(YOUR ASSIGNMENT)
Each line of the material below is to be written out exactly. Leave out any picture.

(COLLECTED MATERIAL)
·····

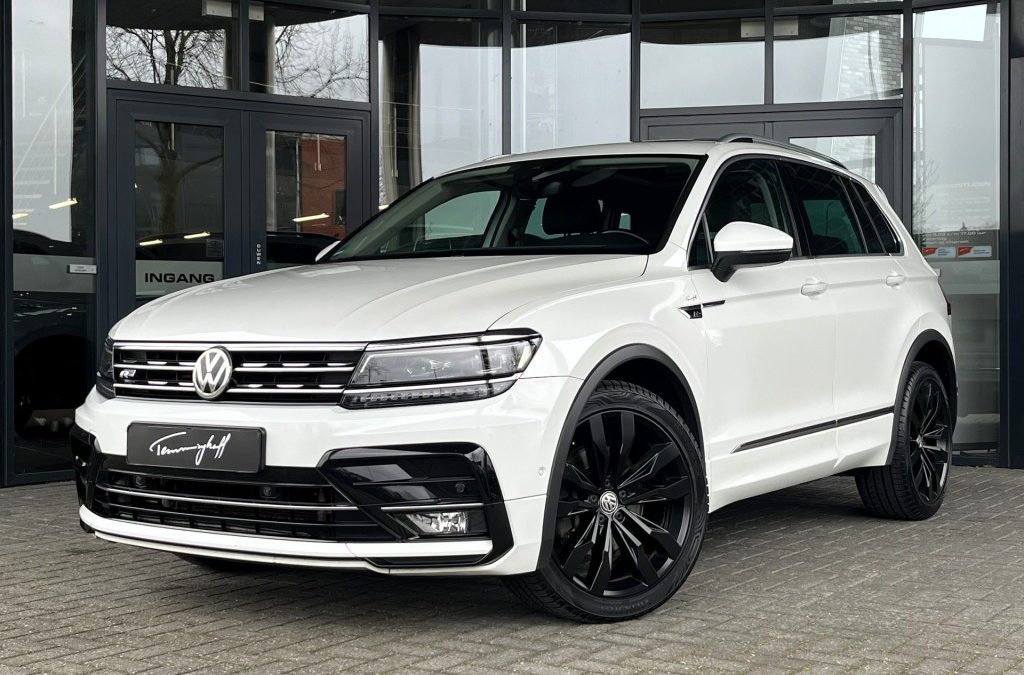 VOLKSWAGEN TIGUAN 2.0 TDI 4M. 240PK R-LINE DSG – LEDER – PANO – TREKH.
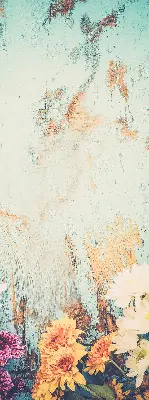Fensterrollo mit Motiv von Blumen auf blauem Hintergrund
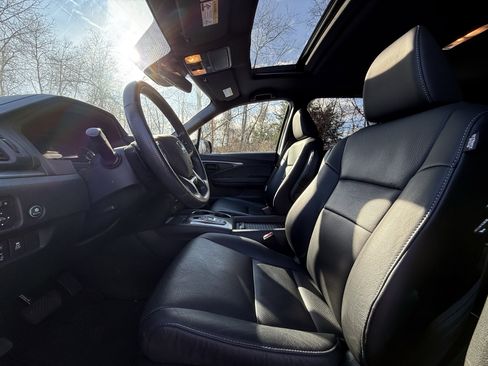 Used 2023 Honda Passport EX-L image 27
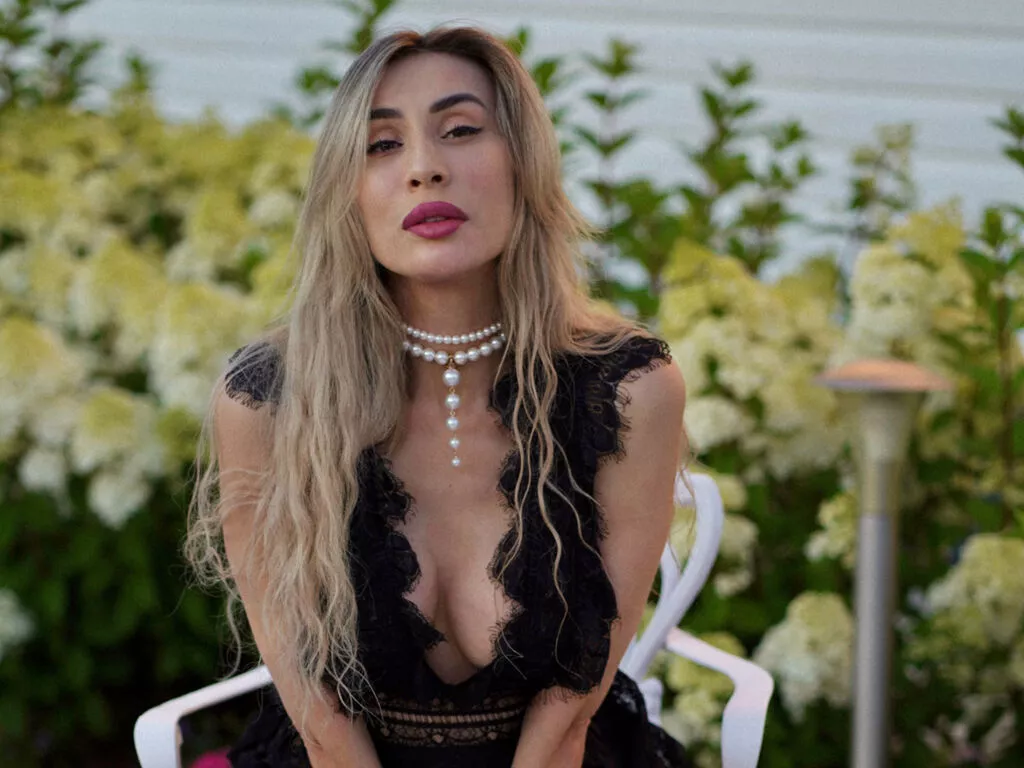 LiveJasmin MicaSmil is Private MicaSmil — my subtle soul loves honest and sincere people! Be honest and generous with me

·····

(EXERCISE OUTPUT)
 VOLKSWAGEN TIGUAN 2.0 TDI 4M. 240PK R-LINE DSG – LEDER – PANO – TREKH.
Fensterrollo mit Motiv von Blumen auf blauem Hintergrund
 Used 2023 Honda Passport EX-L image 27
 LiveJasmin MicaSmil is Private MicaSmil — my subtle soul loves honest and sincere people! Be honest and generous with me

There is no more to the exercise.